WHAT YOU WILL DO
Transcribe every entry below word for word, but skip the pictures.
(DATA SUPPLIED Opens)
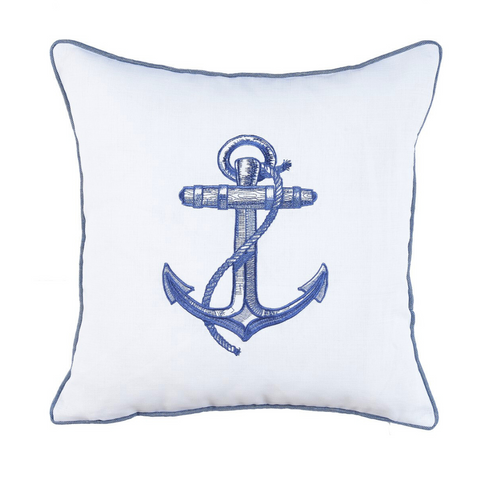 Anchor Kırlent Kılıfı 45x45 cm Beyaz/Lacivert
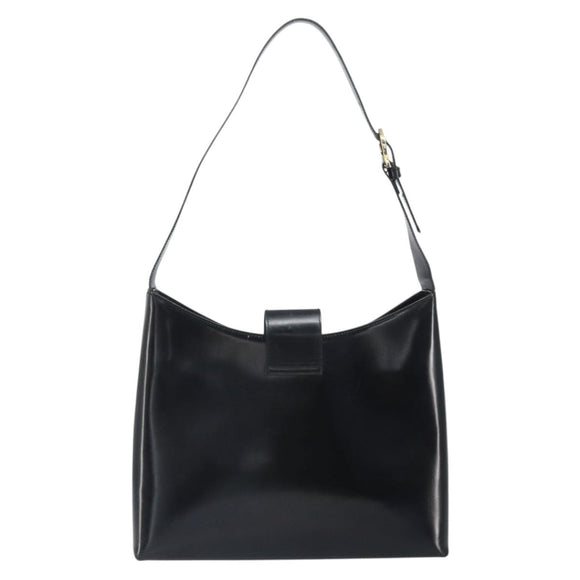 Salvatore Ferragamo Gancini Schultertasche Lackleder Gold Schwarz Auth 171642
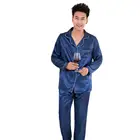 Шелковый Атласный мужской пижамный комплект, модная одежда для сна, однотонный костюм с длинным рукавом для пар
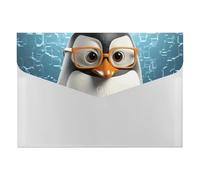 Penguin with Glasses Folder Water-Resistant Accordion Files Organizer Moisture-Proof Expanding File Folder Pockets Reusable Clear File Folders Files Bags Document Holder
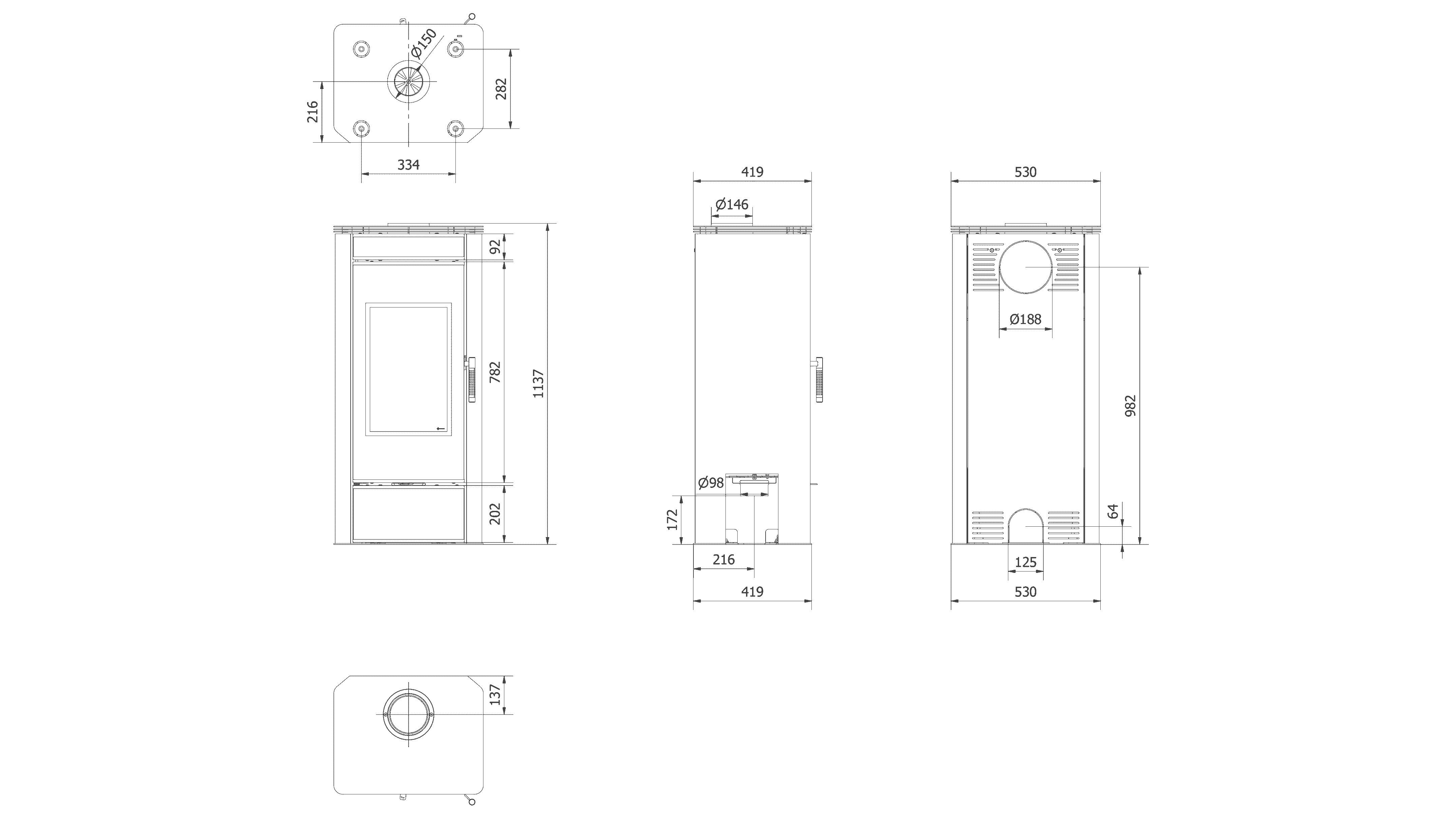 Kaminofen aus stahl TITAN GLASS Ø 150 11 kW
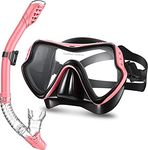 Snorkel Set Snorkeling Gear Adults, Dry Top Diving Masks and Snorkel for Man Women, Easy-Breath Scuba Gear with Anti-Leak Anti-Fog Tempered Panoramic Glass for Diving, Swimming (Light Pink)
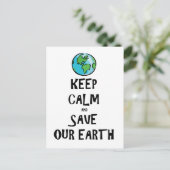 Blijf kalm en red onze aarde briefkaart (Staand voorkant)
(DATA SUPPLIED Closes)
TASK SOLUTION
 Anchor Kırlent Kılıfı 45x45 cm Beyaz/Lacivert
 Salvatore Ferragamo Gancini Schultertasche Lackleder Gold Schwarz Auth 171642
 Шелковый Атласный мужской пижамный комплект, модная одежда для сна, однотонный костюм с длинным рукавом для пар
 Penguin with Glasses Folder Water-Resistant Accordion Files Organizer Moisture-Proof Expanding File Folder Pockets Reusable Clear File Folders Files Bags Document Holder
 Kaminofen aus stahl TITAN GLASS Ø 150 11 kW
 Snorkel Set Snorkeling Gear Adults, Dry Top Diving Masks and Snorkel for Man Women, Easy-Breath Scuba Gear with Anti-Leak Anti-Fog Tempered Panoramic Glass for Diving, Swimming (Light Pink)
 Blijf kalm en red onze aarde briefkaart (Staand voorkant)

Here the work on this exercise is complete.